Audio: How’s it sound?

The DTS HD Master Audio mix is a 3.0 mix (that’s the two fronts and center channel if you were curious) so we’re not blessed with the LFE or the surrounds here. Still, with 2.1 channels missing, it manages to sound pretty decent and it’s certainly a lively and vibrant mix.  Vocals are rich and crisp, though I think I caught a bit of slight distortion in a few scenes. The Academy Award winning music by Ralph Burns sounds the part. All in all it’s a very expansive mix (given the three channels) and for a film that’s now 35 years old, I was impressed.

Supplements: What are the extras?

Being a new to Blu-ray (this is a dual format disc, so a DVD is also included) disc, we’re treated to a plethora of supplements that weren’t on the previous Fox DVD. Let’s dive in and check them out.

  • Audio Commentary – There are technically two (or maybe one and a half is the way to phrase it), the first with Alan Heim, the film’s editor as he discusses the film, its reception and some of the ins and outs of the production. It would seem that Scheider’s comments from the DVD track are spliced in, but it’s been so long since I’ve heard that track I can’t say for sure. Suffice it to say, it’s better to have this than not and given Criterion’s relationship with Fox, I’d say it’s the same track.
  • Alan Heim Interview – New to this Blu-ray is an interview with Alan Heim as he discusses his work on the film as well as his other collaborations with Fosse in Star 80 and Lenny.
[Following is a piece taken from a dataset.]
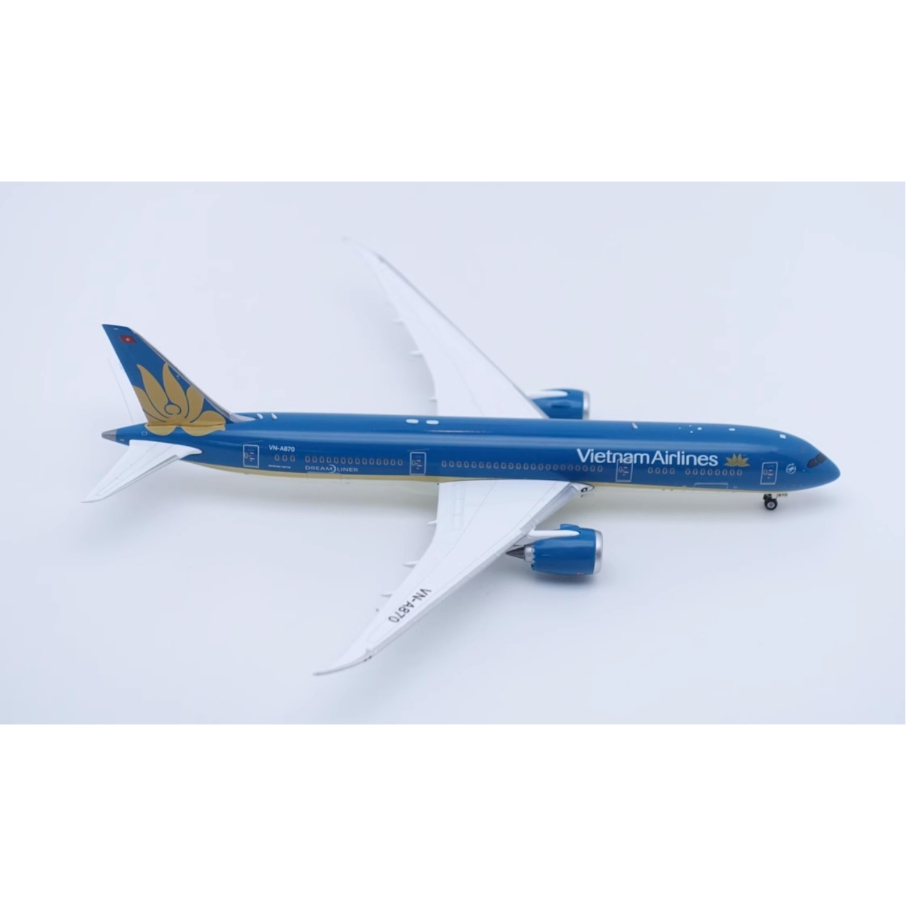 新品　未使用旧 南ベトナム 1972年　3枚連番　34-35-36 お取り寄せ商品】1/400 787-9 ベトナム航空 VN-A870 | ひこーきちゃん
  • Ann Reinking and Erzsebet Foldi Interviews – These two are obviously friends and in another new supplement to this disc, the two discuss the ups and downs of working with Fosse as well as his various “eccentricities” as both a Director and Choreographer.
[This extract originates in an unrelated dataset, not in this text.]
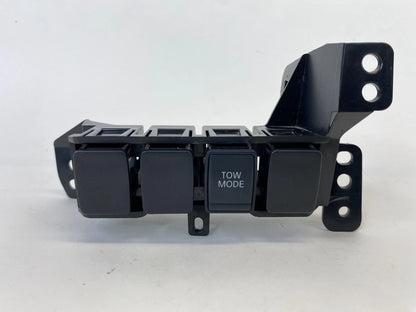 2013-2016 NISSAN PATHFINDER DASH TOW MODE CONTROL SWITCH PANEL 68168-3JA0A OEM
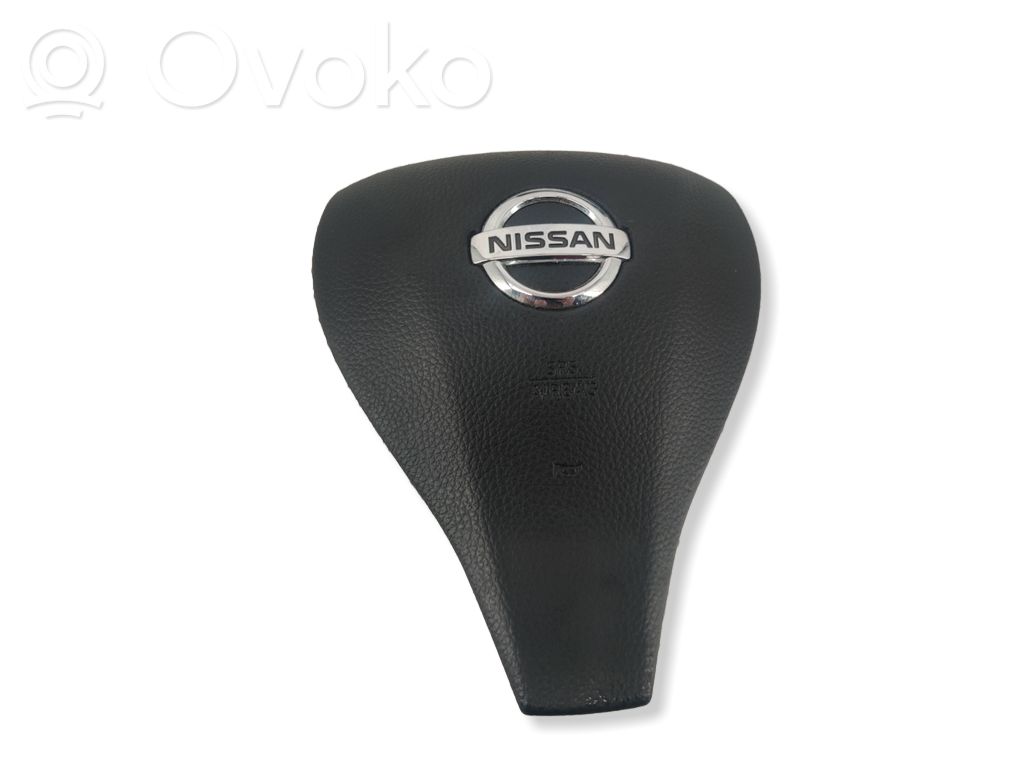 Nissan Qashqai Poduszka powietrzna Airbag kierownicy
  • Tommorow Interview – Agnes De Mille and Fosse are interviewed by a much younger Tom Snyder circa 1980 on his show Tomorrow.
  • Sam Wasson Interview – Fosse’s biographer focuses mainly on the life and career of the legend and, in particular, that of All that Jazz.
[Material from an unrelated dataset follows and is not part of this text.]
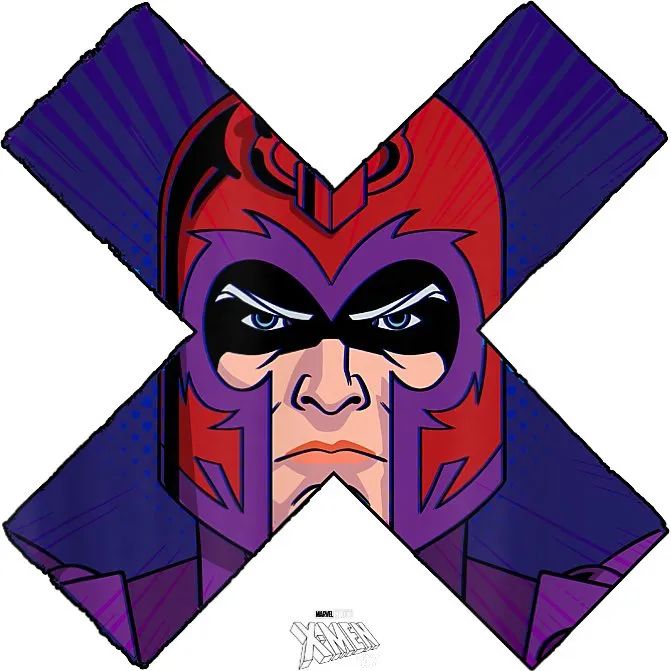 一组《X战警97》的艺术宣传图，已定档3月20日开播配图3-漫威电影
  • The South Bank Show – Circa 1981 (just look at those clothes!), this is a straight-forward interview with Fosse (on a show I’ve never heard of).
  • Portrait of a Choreographer – This 22 minute documentary circa 2007 focuses on Fosse’s stars like Liza Minnelli as well as some of today’s stars and Directors like Rob Marshall who sing his praises.
  • Gene Shalit Interview – Circa 1986, film critic Gene Shalit interviews Fosse prior to the opening of Big Deal and just before his revival of Sweet Charity. Sadly this interview was just one year before Fosse passed away.
  • On the Set – We get some behind the scenes footage of the “On Broadway” number and we’re also treated to an interview with actor Roy Scheider (in full makeup no less).
  • The Soundtrack: Perverting the Standards – Rob Marshall, Liza Minnelli and others discuss the use of songs in the film.
  • The Making of “On Broadway” – Songwriter George Benson gives us the skinny on the inspiration for the song came from as well as his efforts in recording it in front of an audience.
  • Illustrated Booklet – As is the case with most all Criterion releases, there’s an illustrated booklet with photos from the film and set as well as an essay on the movie.